The maximum number of results returned will vary from query to query due to implementation details. The maximum guaranteed amount of results returned is 500. If more are requested, the requested number may not be met.

Can I set a score threshold for results?

The search result scores are not calibrated. This means that the result scores for a given query will be comparable (this is how results are ranked). However, the result scores for query A and query B are not necessarily comparable. This means there is no one fixed threshold suitable for a given use case.

It is possible to set a threshold based on your own experiments. If you want to set a threshold, you should set this threshold on a per item label basis. This means that you should set a results score threshold for "Shoes" independently of "Bags", etc. for each label.

Is there a way to know why a particular result was ranked higher than another?

Currently the Vision API Product Search does not support any features that explain why a particular result was returned.

What is the difference between using productGroupedResults and using the Object Localizer feature of the Vision API?

The productGroupedResults response will return a list of detected items, their predicted label and score, their bounding boxes, and a ranked list of product search results for each item. This response is equivalent to first sending the query image to the Object Localizer feature of the Vision API and then sending the image along with each product item bounding box (filtered to the relevant labels) to Vision API Product Search.

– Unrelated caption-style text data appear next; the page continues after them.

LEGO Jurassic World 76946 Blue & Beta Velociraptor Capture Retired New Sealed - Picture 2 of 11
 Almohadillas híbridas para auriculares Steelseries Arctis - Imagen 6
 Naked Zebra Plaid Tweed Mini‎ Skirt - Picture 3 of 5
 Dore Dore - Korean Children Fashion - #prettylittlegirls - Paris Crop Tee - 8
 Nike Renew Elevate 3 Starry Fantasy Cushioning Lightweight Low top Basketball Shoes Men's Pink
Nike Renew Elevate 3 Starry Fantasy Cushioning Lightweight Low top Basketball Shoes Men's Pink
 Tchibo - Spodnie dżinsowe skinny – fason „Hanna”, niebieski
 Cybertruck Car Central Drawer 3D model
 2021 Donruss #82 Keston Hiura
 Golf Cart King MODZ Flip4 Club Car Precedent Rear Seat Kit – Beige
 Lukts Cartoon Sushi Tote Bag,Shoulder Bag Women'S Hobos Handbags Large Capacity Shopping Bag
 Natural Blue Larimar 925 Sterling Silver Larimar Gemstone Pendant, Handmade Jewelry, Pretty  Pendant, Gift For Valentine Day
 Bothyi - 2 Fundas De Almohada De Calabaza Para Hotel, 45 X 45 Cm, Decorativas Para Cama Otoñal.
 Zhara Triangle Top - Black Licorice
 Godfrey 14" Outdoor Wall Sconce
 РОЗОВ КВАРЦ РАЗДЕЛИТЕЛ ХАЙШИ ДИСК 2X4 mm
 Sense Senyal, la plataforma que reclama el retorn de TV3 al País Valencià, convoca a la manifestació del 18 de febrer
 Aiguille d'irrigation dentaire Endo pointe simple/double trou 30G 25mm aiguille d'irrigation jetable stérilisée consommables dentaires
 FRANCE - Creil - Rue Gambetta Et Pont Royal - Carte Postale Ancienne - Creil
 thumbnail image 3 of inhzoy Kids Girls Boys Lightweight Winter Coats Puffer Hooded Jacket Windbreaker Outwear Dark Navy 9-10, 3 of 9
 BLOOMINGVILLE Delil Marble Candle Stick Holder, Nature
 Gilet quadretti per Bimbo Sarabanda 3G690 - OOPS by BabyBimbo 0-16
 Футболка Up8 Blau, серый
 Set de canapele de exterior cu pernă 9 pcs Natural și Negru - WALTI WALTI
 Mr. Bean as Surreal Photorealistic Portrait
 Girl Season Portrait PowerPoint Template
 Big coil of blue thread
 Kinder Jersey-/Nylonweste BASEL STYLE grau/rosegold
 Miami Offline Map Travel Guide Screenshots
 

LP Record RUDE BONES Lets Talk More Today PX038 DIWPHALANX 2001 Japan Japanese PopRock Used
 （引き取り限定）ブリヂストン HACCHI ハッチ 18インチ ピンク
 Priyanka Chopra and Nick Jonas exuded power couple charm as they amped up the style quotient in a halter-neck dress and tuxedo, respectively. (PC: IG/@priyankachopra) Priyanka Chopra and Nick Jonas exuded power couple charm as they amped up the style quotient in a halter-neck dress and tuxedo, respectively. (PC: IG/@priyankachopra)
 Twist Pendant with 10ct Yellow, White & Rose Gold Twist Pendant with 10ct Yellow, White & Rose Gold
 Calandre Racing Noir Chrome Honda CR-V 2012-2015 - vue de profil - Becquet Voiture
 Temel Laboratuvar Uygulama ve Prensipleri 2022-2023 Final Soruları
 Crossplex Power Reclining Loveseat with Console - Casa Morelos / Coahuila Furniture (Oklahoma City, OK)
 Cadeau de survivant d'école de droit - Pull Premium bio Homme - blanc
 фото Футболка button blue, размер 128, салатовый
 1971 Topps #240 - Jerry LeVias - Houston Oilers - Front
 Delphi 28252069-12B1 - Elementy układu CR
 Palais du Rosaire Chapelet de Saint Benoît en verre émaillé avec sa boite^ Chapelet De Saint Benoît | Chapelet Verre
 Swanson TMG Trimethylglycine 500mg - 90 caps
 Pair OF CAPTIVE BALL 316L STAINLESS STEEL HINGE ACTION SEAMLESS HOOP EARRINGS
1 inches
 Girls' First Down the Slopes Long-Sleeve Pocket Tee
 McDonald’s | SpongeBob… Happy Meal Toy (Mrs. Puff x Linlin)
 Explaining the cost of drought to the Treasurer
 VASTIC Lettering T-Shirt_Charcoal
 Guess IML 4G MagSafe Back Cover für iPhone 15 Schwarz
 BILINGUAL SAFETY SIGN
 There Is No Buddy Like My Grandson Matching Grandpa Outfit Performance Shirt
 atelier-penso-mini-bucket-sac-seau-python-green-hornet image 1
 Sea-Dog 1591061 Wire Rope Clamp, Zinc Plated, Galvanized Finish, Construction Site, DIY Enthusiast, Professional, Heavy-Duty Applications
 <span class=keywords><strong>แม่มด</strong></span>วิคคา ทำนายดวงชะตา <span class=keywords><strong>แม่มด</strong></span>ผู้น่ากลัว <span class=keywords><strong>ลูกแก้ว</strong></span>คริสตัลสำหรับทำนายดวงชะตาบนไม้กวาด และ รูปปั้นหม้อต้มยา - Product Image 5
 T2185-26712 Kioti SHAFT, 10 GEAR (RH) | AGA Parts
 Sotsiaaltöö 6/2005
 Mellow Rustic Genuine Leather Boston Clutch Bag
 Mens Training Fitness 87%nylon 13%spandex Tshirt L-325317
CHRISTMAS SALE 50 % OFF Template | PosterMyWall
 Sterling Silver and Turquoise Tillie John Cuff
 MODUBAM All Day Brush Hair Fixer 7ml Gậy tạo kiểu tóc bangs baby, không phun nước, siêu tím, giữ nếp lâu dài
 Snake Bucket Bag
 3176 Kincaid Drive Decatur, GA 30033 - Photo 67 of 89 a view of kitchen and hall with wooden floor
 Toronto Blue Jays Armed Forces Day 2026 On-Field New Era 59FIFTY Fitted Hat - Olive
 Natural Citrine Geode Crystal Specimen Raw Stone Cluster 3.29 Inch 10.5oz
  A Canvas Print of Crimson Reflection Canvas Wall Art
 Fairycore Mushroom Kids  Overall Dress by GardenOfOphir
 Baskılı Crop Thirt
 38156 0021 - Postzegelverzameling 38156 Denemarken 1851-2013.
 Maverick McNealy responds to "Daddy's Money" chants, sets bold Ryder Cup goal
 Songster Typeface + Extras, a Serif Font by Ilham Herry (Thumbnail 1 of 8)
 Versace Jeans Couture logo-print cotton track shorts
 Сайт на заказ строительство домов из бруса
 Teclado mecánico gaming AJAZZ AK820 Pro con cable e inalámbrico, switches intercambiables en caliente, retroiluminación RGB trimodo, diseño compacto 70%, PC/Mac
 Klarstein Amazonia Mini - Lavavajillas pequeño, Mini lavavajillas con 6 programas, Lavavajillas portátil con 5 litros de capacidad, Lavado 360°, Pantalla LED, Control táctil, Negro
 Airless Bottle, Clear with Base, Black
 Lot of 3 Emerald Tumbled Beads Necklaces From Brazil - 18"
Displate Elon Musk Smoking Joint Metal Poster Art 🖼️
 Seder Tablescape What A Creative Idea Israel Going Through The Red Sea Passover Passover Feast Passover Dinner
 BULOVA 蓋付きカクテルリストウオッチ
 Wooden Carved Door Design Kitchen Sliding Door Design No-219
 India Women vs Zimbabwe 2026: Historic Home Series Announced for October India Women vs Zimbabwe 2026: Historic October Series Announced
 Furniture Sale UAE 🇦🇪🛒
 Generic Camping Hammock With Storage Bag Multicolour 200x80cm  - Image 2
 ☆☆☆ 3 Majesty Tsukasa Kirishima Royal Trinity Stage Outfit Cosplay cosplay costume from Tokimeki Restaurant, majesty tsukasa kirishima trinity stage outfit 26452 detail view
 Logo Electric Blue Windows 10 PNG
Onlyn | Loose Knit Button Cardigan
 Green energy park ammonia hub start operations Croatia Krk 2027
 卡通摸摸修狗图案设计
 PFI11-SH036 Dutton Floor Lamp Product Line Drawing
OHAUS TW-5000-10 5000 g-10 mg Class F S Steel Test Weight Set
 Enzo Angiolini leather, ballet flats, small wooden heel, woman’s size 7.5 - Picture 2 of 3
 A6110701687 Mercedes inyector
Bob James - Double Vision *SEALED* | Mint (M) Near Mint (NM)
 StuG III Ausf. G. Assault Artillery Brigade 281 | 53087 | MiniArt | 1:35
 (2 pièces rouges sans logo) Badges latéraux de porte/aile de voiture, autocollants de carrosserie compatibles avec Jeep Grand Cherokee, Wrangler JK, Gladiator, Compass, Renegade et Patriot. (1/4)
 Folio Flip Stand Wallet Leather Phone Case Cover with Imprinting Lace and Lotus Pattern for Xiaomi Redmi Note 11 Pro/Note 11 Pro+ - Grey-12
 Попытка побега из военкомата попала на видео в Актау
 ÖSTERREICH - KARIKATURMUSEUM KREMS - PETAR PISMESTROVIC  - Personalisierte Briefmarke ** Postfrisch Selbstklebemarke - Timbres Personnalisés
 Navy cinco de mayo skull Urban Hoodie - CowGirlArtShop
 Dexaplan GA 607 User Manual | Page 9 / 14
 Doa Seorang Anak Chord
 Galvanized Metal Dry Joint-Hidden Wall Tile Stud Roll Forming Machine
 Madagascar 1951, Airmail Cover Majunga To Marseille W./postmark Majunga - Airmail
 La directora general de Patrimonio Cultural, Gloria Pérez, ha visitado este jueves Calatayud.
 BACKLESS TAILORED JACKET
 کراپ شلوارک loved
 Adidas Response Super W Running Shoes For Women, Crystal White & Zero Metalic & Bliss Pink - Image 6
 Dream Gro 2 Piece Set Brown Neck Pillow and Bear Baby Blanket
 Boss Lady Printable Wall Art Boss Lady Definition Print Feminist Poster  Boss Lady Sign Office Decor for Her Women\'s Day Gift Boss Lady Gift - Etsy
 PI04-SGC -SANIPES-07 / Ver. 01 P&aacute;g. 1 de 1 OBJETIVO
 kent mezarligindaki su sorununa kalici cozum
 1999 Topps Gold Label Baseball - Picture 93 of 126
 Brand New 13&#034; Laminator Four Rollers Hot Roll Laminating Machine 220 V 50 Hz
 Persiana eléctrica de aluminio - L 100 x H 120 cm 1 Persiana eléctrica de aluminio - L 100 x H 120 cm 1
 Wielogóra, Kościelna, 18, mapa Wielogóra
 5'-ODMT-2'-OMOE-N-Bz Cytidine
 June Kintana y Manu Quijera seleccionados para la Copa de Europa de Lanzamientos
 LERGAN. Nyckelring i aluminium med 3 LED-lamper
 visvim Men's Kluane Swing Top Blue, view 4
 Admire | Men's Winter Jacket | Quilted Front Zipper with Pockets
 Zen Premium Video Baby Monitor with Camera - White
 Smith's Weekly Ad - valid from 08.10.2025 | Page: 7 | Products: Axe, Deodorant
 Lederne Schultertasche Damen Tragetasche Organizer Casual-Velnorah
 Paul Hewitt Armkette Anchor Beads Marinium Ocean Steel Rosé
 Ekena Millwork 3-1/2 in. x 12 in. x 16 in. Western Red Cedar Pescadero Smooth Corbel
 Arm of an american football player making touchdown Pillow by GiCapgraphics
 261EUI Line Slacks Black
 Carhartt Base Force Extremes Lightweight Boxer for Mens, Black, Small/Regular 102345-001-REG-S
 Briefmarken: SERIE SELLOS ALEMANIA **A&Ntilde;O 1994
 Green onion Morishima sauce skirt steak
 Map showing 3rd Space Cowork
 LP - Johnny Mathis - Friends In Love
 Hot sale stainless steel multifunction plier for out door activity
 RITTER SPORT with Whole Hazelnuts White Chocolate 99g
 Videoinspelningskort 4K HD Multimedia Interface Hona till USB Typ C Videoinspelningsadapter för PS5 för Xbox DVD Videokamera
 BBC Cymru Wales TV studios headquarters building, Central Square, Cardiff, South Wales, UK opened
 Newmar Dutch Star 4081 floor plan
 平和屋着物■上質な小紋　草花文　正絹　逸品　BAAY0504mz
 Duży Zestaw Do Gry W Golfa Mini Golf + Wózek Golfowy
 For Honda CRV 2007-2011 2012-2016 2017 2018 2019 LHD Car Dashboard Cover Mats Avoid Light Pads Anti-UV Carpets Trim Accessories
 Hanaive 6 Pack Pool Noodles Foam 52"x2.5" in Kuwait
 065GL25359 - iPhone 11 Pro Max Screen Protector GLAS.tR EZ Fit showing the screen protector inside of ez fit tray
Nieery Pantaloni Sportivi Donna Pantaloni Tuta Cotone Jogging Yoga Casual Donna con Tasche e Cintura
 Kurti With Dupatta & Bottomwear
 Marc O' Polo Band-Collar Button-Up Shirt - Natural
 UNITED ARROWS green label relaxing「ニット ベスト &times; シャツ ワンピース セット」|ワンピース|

One benefit of using productGroupedResults is that it is faster and more direct because it only makes a single API call. However, if there is some custom application logic that needs to be implemented between the object detection and the search query then a two step method is a good approach. An example of such a case would be adding Vision API Product Search filters based on object labels.

If I know the location of a product in an image should I crop the image before querying the API with it?

This situation might arise if, for example, a user is allowed to draw a bounding box around the item that they want to search. In general you should not crop the image before sending it to the API. The reason is that our API will use both the query bounding box to return targeted results as well as the overall image context, which is frequently helpful for improving the results.

Reference images

What are good product reference images?

Good reference images show the product clearly and do not have any other objects in the image. A typical example of good reference images are "packshot" images. These images are frequently used to show the user a product on the product page or in advertising, and typically taken in front of a white background. Images of the product in other environments also make good reference images provided there are not any other products in the image. You should use all such images that are available for reference images.

What is the optimal number of reference images for a particular product?

The Vision API Product Search can work well even with only one reference image of a product. Typically 3 to 8 images provide necessary information to get proper results from the Vision API Product Search, especially if these images have some variations. Such variations include different orientations of the product, different lighting, or a different background. Additional reference images can be added to the index, and should not generally decrease accuracy.

How can I get more reference images for my products?

The best way to improve the accuracy of Vision API Product Search is to add more good reference images for products. If you have already uploaded a representative set of product images and you'd still like to increase the accuracy for some products you can use other existing images or collect more images for those products.

To use other existing images make sure they clearly show the product and don't have other distracting objects. For example, you might have photos of a model wearing a particular shirt along with pants. This image alone wouldn't be a good reference image for the shirt product. However, if you provide a bounding box around the shirt or crop the image to only include the shirt it would be a good reference image. You can use the Vision API's Object Localizer feature to propose boxes. This method can be used alongside or instead of human-provided bounding box annotations.

Would it help the accuracy of the API to add data augmentations to my product set?

The idea of adding augmented versions of existing reference images (for example, left-right flips, jittered contrast, etc.) is sensible, but typically does little to increase the accuracy.

Data management

Update your product set with new products as your inventory changes. If the changes are small you can add or delete products as needed. Alternatively, if there is a significant change in your inventory or in your reference images you can create a new product set with the changes and test the search quality before fully switching over to the new set. In either case, you should keep track of which products and image are in your product set by saving your batch import CSV file for easy reference or rollback.